By Vincent Tan
To provide some inspiration for you readers who might be keen on participating in our “Scam Letter” contest, here’s a sample letter that we have put together. If you are keen to join, do draft up your own version of a scam letter and send it to us! Who knows you might snag something in return too!
URGENT READING NEEDED LIKE RIGHT NOW
Dear Mr Sir,
I am Mugunta Mutum (meaning Good and Loyal Fiend), the Lord Prime Minister of the Nigerian Empire. Excuse my English, I speak easy my native Hausa.
I am coming to you, dear Sir/Madam, because I deeply trust you. Your Facebook and Instagram page show you are a man/woman of integrity and unshakeable courage.
Let me speak my sad, sad, heartbreek story to you. I was born the younger of three children, but because of a wicked monkey that came into the hospital and ate my birth certificate, I was disposed as an orphan.

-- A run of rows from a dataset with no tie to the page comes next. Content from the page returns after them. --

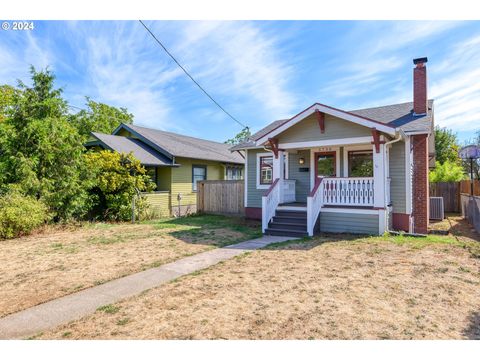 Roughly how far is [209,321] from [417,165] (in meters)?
10.0

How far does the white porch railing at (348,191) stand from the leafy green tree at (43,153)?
9.60 metres

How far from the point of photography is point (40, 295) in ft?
15.3

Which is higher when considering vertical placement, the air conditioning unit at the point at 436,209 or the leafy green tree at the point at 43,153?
the leafy green tree at the point at 43,153

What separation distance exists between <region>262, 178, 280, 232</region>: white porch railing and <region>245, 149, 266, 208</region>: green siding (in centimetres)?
249

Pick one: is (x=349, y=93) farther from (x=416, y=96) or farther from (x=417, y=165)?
(x=417, y=165)

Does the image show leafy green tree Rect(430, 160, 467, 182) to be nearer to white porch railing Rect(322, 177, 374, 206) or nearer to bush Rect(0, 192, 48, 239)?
white porch railing Rect(322, 177, 374, 206)

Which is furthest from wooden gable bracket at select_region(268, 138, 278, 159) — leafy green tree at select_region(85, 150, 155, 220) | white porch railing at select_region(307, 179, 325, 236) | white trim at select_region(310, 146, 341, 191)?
leafy green tree at select_region(85, 150, 155, 220)

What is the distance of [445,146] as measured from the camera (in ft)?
101

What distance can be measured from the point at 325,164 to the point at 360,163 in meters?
1.32

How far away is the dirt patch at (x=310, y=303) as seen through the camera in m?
3.34

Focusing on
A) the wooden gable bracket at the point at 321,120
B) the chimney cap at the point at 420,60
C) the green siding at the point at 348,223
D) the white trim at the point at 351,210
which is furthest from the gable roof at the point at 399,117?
the green siding at the point at 348,223

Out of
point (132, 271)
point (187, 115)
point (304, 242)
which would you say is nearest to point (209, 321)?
point (132, 271)

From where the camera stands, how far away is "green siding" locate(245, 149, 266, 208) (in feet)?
44.1

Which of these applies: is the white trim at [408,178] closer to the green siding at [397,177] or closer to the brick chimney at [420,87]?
the green siding at [397,177]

I grew and rose up to become strongest in whole orphanage, but then, I was adopted and lost my title. I lived with my new house and family, and loved them, but they were poor and I wanted to be rich. So I successfully started my own MUGUNTA MUTUM sports shoes brand. It was selling so good and I earned £1,000,9877,321. But my rival, the hated Yan Sanda (may his badge rust forever!) closed my factory and confiscated my child workers. I had to hide my unbelievable fortune in a shoebox and throw it down a well to escape criminal charge and taxes.
Please, you must help now you see my fate. I only need £20,0666 from your kind self, whereby I can reclaim my birthright and buy the well from a foolish farmer and become rich again. On my honour as Lord Prime Minister, I will pay you many times back, 40.000,000% of my wealth.
PLEASE GIVE ME YOUR PRECIOUS NAME, BANK ACCOUNT, AND PIN NUMBER I AM ALWAYS IN YOUR DEBT.